■ Exercise aim ■
From the line containing "Shea Olein &" down to the last line of the records below, restate each line word for word and leave out the rest.

---------- Dataset extract

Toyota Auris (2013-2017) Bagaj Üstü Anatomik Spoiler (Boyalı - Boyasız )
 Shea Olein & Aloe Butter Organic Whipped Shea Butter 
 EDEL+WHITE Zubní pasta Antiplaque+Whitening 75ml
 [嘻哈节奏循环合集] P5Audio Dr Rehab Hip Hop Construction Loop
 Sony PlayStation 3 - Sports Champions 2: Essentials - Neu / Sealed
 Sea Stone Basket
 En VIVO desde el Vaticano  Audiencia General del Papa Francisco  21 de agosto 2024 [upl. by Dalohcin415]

--------------------

■ Response to this exercise ■
 Shea Olein & Aloe Butter Organic Whipped Shea Butter 
 EDEL+WHITE Zubní pasta Antiplaque+Whitening 75ml
 [嘻哈节奏循环合集] P5Audio Dr Rehab Hip Hop Construction Loop
 Sony PlayStation 3 - Sports Champions 2: Essentials - Neu / Sealed
 Sea Stone Basket
 En VIVO desde el Vaticano  Audiencia General del Papa Francisco  21 de agosto 2024 [upl. by Dalohcin415]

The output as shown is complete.